Background & Objective: Permeability transition pore (PTP) is central for apoptosis by acting as a good candidate pathway for the release of cytochrome c and apoptosis-induction factors from mitochondria. Arsenite may induce apoptosis via a direct effect on PTP. To characterize the exact mechanism for arsenite to induce PTP opening, the correlations of calcium-induced calcium release from mitochondria (mCICR) to As2O3-induced PTP opening and cytochrome c release from mitochondria were studied.
Methods: Mitochondria were prepared from Wistar rat livers. The effect of As2O3 on mitochondrial PTP opening was measured with ultraviolet (UV) spectrophotometer. The changes of Ca(2+) concentration were detected with UV spectrophotometer to monitor Ca(2+) -induced Ca(2+) release from mitochondria. Cytochrome c release mediated by Ca(2+) was measured with Western blot.

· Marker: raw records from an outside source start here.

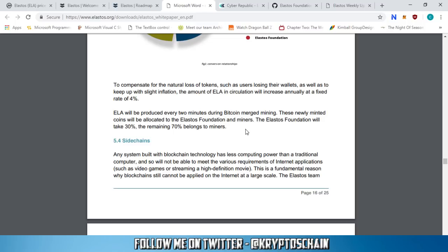ELA will be produced every two minutes during Bitcoin merge mining, and these newly minted coins will be allocated to the Elastos Foundation and miners. You will be able to mine Elastos coins, which is quite good — a lot of miners out there mining Bitcoin, Ethereum, and other coins will also be able to mine Elastos once that's released.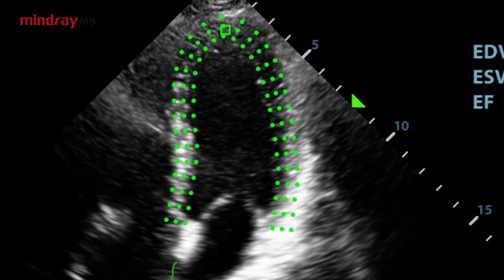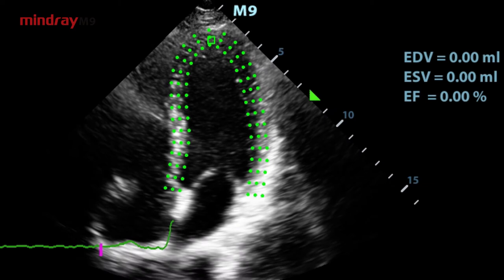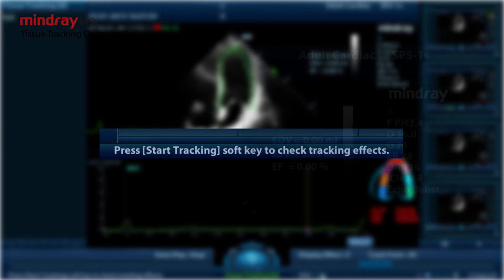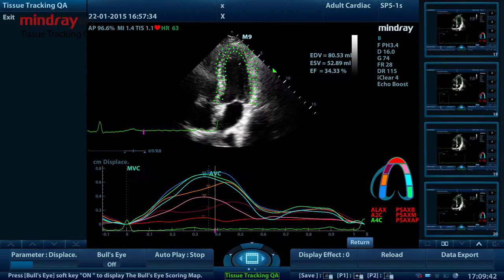If the cycles are not adequate to provide the information, switch to another cycle trace. Click start tracking on the soft menu to start the tracking. Adjust the parameters if necessary.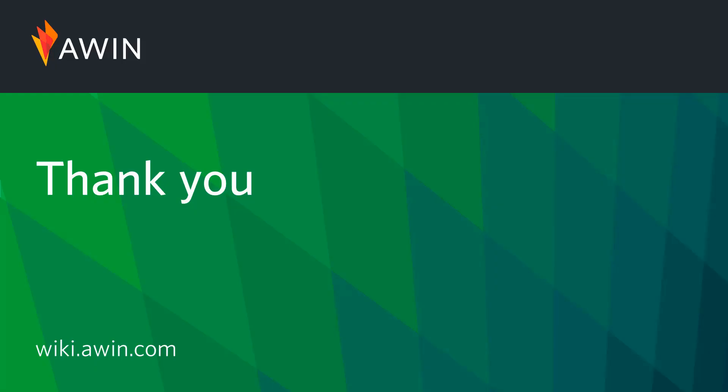Thank you for listening to AWIN's tutorial video. For more information on reporting, please visit our online wiki.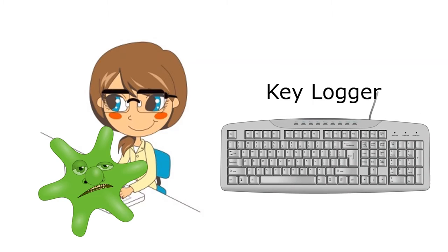One variety is called a keylogger. A keylogger will keep track of everything that people type into a computer's keyboard and then deliver that information to somebody else. This information might include usernames, passwords, and credit card numbers.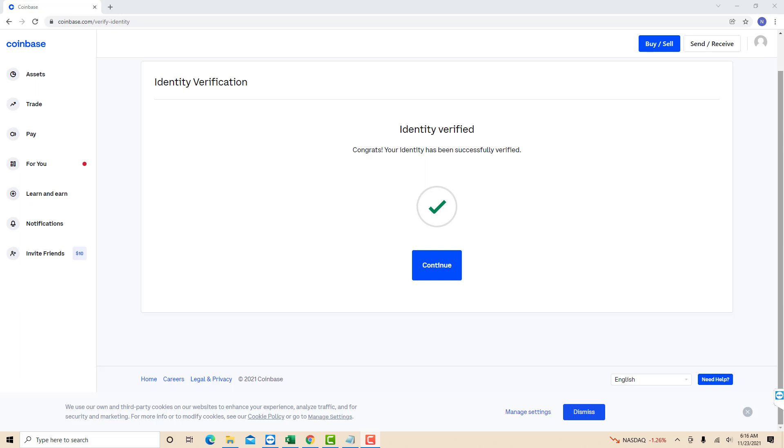That's how you create a Coinbase account. Thank you so much guys for watching and if you have not yet subscribed to our YouTube channel, please subscribe as we create tech videos related to financial apps almost every day. Also check out our website northvilltech.com for great tech articles.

Results: As2O3 (10 micromol/L) combined with low concentration of Ca(2+) didn't induce PTP opening and cytochrome c release from mitochondria; while As2O3 (10 micromol/L) combined with high concentration of Ca(2+) induced PTP opening and cytochrome c release. When mCICR was inhibited, the effect of As2O3 and Ca(2+) on PTP opening and cytochrome c release was completely inhibited.
Conclusion: As2O3-induced PTP opening and cytochrome c release depend on mCICR.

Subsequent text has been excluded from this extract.